Starting a Spiritual Group and Getting the Energy Just Right
Jasmine incense, right after one of my famous Sunday Night Gatherings. This smoke art is copyrighted by Aislinn Bailey, used with permission.
When I was first looking for a like-minded spiritual group in Northwest Florida, I found several existing circles rather easily. These were people who were either pagan or pagan-friendly, with anything from a nice mix of different religious beliefs to a finely honed circle with a specific focus. I contacted each of them and, without their knowing anything at all about me, they all told me that they were currently closed to new members. I felt a little miffed and rejected at the time–weren’t they even willing to meet me and give me a chance?–but now I understand. A few did offer an explanation about energetic harmony but having not had my own group before then, I didn’t understand the precariousness of the balance of energy among a small spiritual group, circle, or coven.

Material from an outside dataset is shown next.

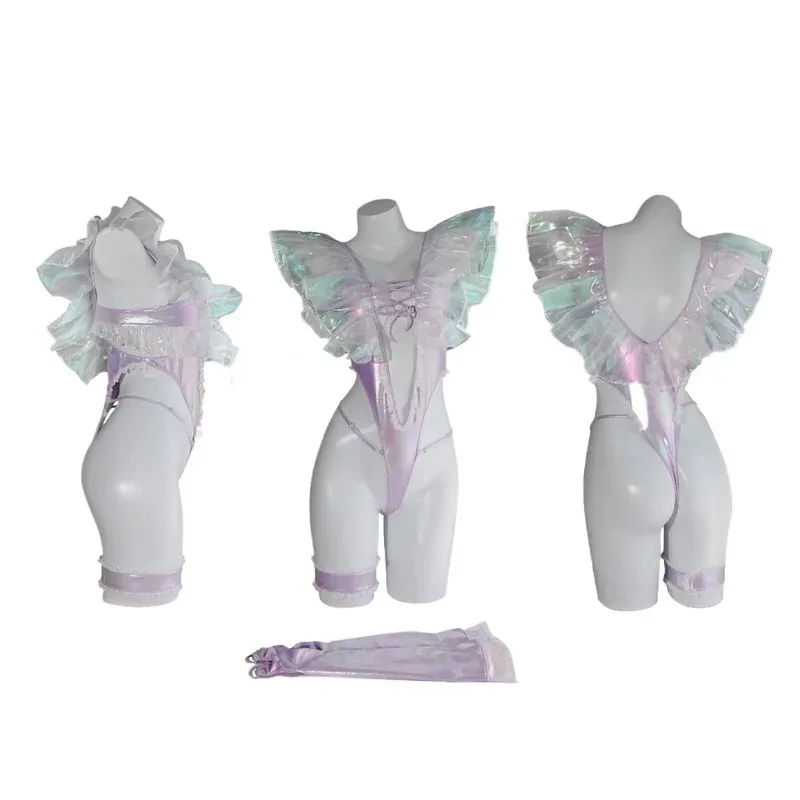 

DY20Women Anime One-Piece Bodysuit Butterfly Concubine Pearl organza Swimming Suit Bathing Suit BeachOutfit Cosplay Costume25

Last year, I closed my own group, my fourth, to the public. Why? To maintain the “good energy” we’d achieved. I didn’t want to close it completely and I did want to be able to grow it here and there as members deployed or moved away, so I made to closed to strangers but current members could bring a guest or two occasionally if they thought it would be a good fit. And, of course, I could bring in other people whenever I wanted, given that it was my group and I was the High Priestess-slash-Facilitator of it.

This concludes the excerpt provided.